I have solved it when the function $f$ is constant $-$ $f(x) = \beta$ $-$ but for other functional forms $-$ e.g. $f(x) = x$, $f(x)=\sqrt{x}$, etc. $-$ I have been unable to find a solution $-$ I have tried integration by parts and change of variable.

Could anyone describe how this problem should be approached? Is there a general solution to this integral and, if so, under which conditions does that solution hold? I am looking for a closed-form solution.

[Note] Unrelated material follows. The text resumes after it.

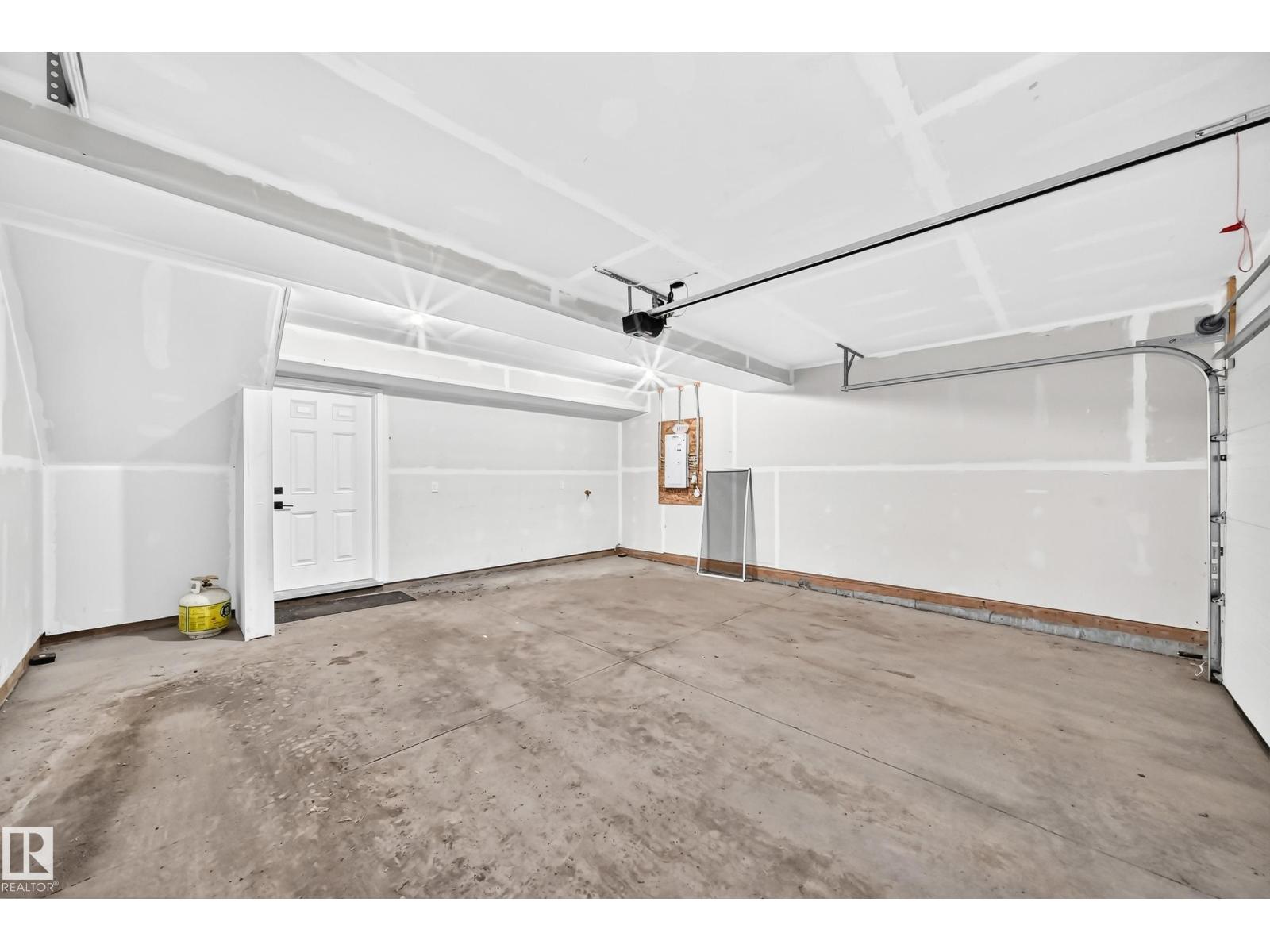 #82 11910 35 AV SW - 41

FYI, the integral $I_1$ comes from the following integral:

$$I_2 = \int_0^T{f(x)e^{-\int_0^x{(f(y)+\alpha) dy}}dx}$$

So I am really trying to solve $I_2$. Up to now I have only considered functions for which $F(0) = 0$, but if there is a general solution to $I_2$ I will be more than happy to hear it!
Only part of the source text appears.